I have to admit that I don’t remember saving much in my teenage years or my twenties when it seemed there was so much stuff to buy and so little cash to buy it with: hifi separates on which to play my budding album collection, driving lessons in the hope that I could borrow my dad’s car (an old Fiat 126, the only car in the family), beer, Chinese takeaways, clothes from Burton’s menswear and so on. There weren’t iphones and laptops and ridiculously priced coffees, but we had our temptations.

What there was though, in the Eighties, was a growing sense of the importance of money and the desire to get some and make it work for you. Other people seemed to be doing it, which was why they were driving around London in Porches while sporting blue striped shirts with red braces. It also seemed that certain tradesmen were beginning to do quite well for themselves and that we needed to Tell Sid about the British Gas shares that were coming to market. In the Thatcher years I do think we became much more money orientated, but it was with a sense that there was a positive edge to it. You could get some and you could use it to get some more.

I turned 30 in 1993 and had just married, and that’s when I remember thinking about trying to save and invest for the future. I doubt I was thinking about retirement at the that point but, having pretty much spent everything I earnt up until then, I wanted some sort of financial cushion to support my family going forward. I’d realised how pernicious debt could be with credit cards that just never were cleared and I resolved to pay them down – once I did, the money I’d been spending to do that would be “put to work” in buying investments and shares.

Sometimes, however, I do wish I had had access to the information in the 1990’s that I have now. What if I’d been reading Early Retirement Extreme and Mr Money Moustache when I turned 30 instead of 50? What if I’d had access to the information about UK investing that I’ve found on Monevator and been applying it for twenty years? What if I’d had the forums on Money Saving Expert at my fingertips to give me further advice on tax, pensions, ISA’s, ETF’s and the rest as I required it?

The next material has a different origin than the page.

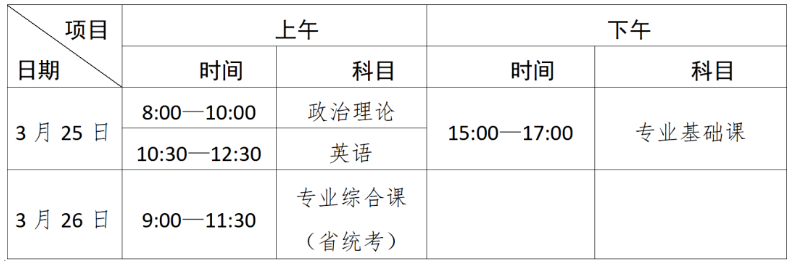 广东省2023年普通专升本考试中山市考点温馨提醒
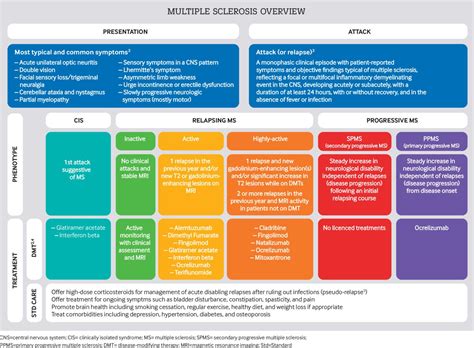 Disease-modifying therapies for multiple sclerosis | The BMJ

So, on the one hand, I sympathise with the youth of today looking at the financial mountain they have to climb, but I also kind of think that  it was always thus. The young will never have any money, they never do. But, what they do have on a scale way beyond anything I had, is access to information and knowledge that will help them when they decide the time is right. “When the student is ready, a teacher will appear”, is a saying that’s always appealed to me because it often seems to be true. The teacher appears when you seek them out and, given the internet, the ability to find that guru, or gurus, has increased exponentially since the days when Norman Tebbit told us to get on our bikes.